What Are The Eligibility Requirements For Summary Dissolution?

September 14, 2023

A,Divorce,Decree,Document,And,The,Keys,Of,A,CarSummary dissolution is a simplified process for ending a domestic partnership or a marriage in certain states. This process is available to couples who meet specific eligibility requirements and allows for a more efficient and cost-effective dissolution compared to traditional divorce proceedings. In this blog post, we will explore the eligibility requirements for summary dissolution.

1. Residency Requirement

The first eligibility requirement for summary dissolution is a residency requirement. Typically, at least one of the spouses or domestic partners must meet a specific residency period in the state where they are seeking summary dissolution. This requirement ensures that the couple has a significant connection to the state and that the state has jurisdiction to handle their case.
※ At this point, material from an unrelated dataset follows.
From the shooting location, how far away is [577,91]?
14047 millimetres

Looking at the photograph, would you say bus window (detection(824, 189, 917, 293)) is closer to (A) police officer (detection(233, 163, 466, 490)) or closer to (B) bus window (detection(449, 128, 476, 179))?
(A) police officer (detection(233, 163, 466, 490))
Residency requirements vary by state but commonly range from six months to one year. It is essential to consult the specific laws of your state to determine the exact duration required for summary dissolution eligibility.

2. Short Duration of Marriage or Domestic Partnership

Another significant eligibility requirement for summary dissolution is the short duration of the marriage or domestic partnership. Generally, states set a maximum time limit for how long a couple must have been married or in a registered domestic partnership to qualify for summary dissolution.

This time limit typically ranges from three to five years, depending on the state. If a couple has been married or in a registered domestic partnership for longer than the specified time period, they may not be eligible for summary dissolution and would need to pursue a regular divorce or dissolution process.

3. No Children and No Expectation of Children

To be eligible for summary dissolution, the couple should not have any children together. This means that there are no biological or adopted children from the relationship. Additionally, both parties must certify in writing that they do not have any expectation of having children in the future.

This requirement ensures that there are no complex child custody or support issues involved, making the summary dissolution process more straightforward.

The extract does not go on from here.